1. Hukuk Dairesi 2016/10755 E. , 2019/3916 K.
"İçtihat Metni"MAHKEMESİ:ASLİYE HUKUK MAHKEMESİ
DAVA TÜRÜ: TENKİS
Taraflar arasında birleştirilerek görülen tenkis davası sonunda, yerel mahkemece davanın reddine ilişkin olarak verilen karar davacı vekili tarafından yasal süre içerisinde temyiz edilmiş olmakla dosya incelendi, Tetkik Hakimi ..."ün raporu okundu, açıklamaları dinlendi, gereği görüşülüp düşünüldü;
KARAR-
Asıl dava, tenkis , birleştirilen dava muris muvazaası hukuksal nedenine dayalı tapu iptali ve tescil istemine ilişkindir.Davacı, asıl davasında mirasbırakan ..."ın, kadastro çalışmaları sırasında zilyedi olduğu 124 ada 651, 153 ada 8, 164 ada 4 parsel sayılı taşınmazlarını oğlu olan davalı ..."ya, 124 ada 632 parsel sayılı taşınmazını torunu olan davalı ..."e, 164 ada 6 parsel sayılı taşınmazını torunu olan davalı ..."ye bağışlamak suretiyle adlarına tespit ve tescilini sağladığını, bu şekilde saklı payına müdahale edildiğini ileri sürerek tenkise karar verilmesini istemiş, birleştirilen davasında, asıl davadaki davalılar vekilinin, 124 ada 632 ve 651 parsel sayılı taşınmazlar ile 164 ada 6 parsel sayılı taşınmazların devrinin harici satış senetleri ile gerçekleştiğini beyan ederek temlikin aslında bağış değil satış olduğunu ikrar ettiklerini 124 ada 632 parsel sayılı taşınmazın da davalı ..."a devredildiğini, işlemlerin mirasçıdan mal kaçırma amaçlı ve muvazaalı olduğunu ileri sürerek tapu kayıtlarının iptali ile miras payı oranında adına tescilini istemiştir.

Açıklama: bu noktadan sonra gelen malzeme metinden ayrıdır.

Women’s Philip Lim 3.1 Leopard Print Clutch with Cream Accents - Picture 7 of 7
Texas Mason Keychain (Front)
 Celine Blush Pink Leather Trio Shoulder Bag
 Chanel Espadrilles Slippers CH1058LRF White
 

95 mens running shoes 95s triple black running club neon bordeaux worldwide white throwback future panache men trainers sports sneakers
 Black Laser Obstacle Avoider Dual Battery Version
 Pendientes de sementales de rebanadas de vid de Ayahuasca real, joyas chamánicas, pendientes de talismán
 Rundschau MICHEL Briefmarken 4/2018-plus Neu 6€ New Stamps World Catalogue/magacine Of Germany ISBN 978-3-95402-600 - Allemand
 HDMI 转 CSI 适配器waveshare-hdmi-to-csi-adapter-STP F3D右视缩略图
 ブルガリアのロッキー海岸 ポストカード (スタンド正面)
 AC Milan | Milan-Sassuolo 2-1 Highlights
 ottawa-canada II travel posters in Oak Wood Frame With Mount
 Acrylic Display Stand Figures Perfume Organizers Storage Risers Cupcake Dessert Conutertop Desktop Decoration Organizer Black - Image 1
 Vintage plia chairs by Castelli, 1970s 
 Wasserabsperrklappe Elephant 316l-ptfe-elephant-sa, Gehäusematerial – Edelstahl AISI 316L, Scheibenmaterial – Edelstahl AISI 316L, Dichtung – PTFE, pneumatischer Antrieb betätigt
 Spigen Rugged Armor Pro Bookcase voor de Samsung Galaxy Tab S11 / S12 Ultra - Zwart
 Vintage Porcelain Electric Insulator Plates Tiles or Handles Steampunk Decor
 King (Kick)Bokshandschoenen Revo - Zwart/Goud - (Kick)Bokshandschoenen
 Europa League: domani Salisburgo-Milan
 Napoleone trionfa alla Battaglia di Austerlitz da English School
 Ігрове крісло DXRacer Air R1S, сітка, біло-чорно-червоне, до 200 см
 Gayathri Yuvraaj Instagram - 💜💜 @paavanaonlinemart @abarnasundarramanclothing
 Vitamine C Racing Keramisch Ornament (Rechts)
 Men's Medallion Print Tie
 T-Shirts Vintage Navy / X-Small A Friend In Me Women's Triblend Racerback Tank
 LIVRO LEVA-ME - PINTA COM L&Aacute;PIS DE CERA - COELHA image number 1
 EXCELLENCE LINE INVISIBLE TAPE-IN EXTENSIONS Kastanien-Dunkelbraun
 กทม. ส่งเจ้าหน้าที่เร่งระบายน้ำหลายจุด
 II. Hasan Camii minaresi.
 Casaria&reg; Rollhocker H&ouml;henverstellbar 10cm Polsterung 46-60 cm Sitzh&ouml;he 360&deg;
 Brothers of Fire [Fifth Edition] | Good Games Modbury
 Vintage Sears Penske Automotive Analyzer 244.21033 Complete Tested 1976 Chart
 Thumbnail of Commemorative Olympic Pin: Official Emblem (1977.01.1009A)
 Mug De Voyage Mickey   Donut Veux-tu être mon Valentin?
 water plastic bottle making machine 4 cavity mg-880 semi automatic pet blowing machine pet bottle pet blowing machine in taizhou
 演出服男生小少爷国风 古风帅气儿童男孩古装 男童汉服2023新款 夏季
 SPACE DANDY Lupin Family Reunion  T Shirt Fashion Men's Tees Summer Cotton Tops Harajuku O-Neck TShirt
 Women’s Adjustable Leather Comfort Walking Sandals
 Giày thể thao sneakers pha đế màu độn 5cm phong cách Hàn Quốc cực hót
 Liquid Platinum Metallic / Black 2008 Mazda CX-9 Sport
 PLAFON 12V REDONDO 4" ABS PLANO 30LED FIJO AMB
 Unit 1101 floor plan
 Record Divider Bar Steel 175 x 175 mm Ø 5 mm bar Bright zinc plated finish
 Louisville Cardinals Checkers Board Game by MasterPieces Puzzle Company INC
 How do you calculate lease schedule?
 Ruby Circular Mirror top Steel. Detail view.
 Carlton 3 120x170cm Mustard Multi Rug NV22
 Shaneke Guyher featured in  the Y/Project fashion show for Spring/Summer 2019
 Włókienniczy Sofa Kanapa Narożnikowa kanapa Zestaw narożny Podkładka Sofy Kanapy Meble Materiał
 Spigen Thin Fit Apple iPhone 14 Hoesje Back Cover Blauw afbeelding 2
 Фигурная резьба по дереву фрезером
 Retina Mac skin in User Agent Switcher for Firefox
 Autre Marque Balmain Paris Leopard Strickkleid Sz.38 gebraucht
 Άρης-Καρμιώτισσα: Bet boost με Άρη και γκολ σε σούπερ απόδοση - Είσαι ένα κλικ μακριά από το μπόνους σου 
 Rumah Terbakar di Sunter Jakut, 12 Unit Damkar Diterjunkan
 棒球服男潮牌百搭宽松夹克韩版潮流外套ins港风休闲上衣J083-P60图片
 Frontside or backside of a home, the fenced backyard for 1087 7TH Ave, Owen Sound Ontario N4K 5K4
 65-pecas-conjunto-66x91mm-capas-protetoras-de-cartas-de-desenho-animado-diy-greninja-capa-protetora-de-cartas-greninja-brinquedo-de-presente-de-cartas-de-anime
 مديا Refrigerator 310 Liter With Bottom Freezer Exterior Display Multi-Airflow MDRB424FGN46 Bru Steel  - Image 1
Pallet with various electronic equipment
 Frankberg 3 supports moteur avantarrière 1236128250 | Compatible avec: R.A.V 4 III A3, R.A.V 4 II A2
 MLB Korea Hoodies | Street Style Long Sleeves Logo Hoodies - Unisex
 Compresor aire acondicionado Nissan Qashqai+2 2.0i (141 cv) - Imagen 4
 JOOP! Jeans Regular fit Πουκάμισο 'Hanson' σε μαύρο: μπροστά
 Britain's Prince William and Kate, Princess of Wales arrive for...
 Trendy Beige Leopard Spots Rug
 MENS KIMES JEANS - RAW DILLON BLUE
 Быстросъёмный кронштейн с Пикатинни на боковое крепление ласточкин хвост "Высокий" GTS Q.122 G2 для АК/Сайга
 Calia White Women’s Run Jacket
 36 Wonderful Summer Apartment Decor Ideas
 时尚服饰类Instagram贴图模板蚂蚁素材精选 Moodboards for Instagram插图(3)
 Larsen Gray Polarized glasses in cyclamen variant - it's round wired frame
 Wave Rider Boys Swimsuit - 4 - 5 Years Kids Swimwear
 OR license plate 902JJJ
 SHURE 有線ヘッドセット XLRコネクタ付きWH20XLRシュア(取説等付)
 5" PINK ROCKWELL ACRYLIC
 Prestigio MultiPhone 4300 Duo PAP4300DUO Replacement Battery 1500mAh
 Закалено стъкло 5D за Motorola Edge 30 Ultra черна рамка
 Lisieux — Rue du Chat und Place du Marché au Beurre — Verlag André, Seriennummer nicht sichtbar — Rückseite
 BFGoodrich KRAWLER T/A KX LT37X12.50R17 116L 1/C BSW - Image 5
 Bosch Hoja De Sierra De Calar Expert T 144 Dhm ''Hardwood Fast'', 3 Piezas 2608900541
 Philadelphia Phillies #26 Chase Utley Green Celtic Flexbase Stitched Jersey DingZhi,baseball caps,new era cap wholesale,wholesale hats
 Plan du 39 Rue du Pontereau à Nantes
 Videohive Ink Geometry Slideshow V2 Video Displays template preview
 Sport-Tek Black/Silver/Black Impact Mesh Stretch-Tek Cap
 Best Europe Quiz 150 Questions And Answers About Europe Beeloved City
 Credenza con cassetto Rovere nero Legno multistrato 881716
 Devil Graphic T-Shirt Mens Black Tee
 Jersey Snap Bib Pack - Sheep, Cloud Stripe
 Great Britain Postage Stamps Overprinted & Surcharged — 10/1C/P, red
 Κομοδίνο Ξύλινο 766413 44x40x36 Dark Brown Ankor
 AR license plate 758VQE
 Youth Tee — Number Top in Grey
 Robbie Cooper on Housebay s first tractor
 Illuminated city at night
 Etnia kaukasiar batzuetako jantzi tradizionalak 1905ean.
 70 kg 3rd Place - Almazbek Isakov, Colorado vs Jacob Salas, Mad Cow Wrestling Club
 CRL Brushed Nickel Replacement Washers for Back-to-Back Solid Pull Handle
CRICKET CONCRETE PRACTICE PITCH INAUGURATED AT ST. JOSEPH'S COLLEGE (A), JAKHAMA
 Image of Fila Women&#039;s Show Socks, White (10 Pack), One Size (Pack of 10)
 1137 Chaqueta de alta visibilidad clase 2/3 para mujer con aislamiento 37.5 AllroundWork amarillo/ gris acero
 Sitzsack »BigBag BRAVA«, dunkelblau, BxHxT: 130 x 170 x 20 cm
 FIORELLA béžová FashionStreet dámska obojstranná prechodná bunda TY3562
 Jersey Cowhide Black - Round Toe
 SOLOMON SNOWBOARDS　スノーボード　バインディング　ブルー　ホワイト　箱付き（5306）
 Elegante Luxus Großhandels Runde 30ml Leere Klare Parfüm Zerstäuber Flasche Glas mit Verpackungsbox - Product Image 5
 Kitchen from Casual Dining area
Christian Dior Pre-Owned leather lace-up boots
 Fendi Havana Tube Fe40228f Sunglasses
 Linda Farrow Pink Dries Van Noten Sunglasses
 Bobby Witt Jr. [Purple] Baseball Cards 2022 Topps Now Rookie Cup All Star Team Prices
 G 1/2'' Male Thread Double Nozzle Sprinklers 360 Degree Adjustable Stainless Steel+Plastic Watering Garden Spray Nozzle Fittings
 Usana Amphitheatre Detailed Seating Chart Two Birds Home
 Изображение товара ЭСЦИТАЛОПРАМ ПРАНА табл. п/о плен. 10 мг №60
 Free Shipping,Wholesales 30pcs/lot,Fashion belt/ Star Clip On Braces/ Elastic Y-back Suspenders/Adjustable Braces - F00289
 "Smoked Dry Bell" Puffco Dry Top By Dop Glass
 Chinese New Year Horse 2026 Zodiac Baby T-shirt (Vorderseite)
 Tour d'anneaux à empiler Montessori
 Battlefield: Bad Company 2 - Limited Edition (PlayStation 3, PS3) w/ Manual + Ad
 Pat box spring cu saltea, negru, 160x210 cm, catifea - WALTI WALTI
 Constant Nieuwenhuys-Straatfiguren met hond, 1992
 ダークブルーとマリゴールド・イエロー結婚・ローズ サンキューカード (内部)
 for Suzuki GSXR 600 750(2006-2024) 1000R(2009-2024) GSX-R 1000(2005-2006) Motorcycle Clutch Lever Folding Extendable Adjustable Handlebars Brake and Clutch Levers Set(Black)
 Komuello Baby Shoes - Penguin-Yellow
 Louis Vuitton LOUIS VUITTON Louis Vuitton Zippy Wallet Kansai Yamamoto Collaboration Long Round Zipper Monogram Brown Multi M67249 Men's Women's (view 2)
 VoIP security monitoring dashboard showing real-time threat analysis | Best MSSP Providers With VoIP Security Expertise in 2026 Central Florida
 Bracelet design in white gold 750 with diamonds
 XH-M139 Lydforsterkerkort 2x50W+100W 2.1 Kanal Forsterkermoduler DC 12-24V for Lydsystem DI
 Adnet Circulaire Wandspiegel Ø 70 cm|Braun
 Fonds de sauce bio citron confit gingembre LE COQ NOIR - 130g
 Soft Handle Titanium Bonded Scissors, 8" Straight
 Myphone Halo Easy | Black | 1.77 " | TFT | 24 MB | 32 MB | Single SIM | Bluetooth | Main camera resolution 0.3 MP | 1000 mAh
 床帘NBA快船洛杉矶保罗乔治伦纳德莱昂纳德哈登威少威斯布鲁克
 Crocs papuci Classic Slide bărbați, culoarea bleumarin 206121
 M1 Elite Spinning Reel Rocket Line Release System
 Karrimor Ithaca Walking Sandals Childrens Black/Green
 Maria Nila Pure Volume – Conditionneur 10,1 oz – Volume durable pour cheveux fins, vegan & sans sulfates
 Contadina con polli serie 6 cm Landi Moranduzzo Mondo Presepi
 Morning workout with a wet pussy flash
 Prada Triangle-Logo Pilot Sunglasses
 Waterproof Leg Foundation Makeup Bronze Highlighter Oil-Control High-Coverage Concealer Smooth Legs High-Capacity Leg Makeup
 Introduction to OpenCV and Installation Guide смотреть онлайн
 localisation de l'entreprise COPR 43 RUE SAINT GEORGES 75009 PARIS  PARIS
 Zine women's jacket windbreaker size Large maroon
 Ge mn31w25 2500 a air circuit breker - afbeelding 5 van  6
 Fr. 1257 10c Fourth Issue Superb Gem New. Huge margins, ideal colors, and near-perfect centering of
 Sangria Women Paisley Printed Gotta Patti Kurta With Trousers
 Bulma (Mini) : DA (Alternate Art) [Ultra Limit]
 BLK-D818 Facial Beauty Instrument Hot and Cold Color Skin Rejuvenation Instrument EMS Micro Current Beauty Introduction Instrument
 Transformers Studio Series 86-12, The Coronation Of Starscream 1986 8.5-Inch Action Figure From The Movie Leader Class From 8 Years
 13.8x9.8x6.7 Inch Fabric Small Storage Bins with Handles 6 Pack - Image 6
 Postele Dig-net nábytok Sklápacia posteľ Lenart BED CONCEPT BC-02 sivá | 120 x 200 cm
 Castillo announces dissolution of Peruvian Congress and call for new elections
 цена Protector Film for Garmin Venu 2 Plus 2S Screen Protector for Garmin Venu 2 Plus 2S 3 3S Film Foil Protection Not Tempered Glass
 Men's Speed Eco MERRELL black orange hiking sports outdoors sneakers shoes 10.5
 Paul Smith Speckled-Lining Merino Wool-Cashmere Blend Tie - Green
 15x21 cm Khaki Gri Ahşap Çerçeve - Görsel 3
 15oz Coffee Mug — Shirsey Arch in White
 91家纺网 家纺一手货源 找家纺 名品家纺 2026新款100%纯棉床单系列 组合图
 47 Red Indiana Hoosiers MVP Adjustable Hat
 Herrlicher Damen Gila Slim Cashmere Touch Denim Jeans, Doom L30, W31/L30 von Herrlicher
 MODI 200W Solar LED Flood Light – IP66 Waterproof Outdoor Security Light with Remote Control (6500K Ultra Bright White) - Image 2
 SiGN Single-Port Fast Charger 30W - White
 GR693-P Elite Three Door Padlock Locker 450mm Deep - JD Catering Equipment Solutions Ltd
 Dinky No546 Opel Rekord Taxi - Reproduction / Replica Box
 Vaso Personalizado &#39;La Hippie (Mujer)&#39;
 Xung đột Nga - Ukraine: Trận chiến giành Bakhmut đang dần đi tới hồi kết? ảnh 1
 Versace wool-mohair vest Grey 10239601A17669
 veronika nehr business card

Asıl ve birleştirilen davada davalılar ..., ... ve ..., 124 ada 632 ve 651 parsel sayılı taşınmazlar ile 164 ada 6 parsel sayılı taşımazın mirasbırakan tarafından aslında bağışlanmadığını, harici satış senediyle sattığını 153 ada 8 parsel sayılı taşınmazın amcaları ile değiş tokuş yapılan bir taşınmaz olduğunu, 164 ada 4 parsel sayılı taşınmazın da mirasbırakanın ölümünden 1 yıl öncesine kadar yapılmış bir bağış olmadığından tenkise tabi olmadığını belirterek davanın reddini savunmuşlardır.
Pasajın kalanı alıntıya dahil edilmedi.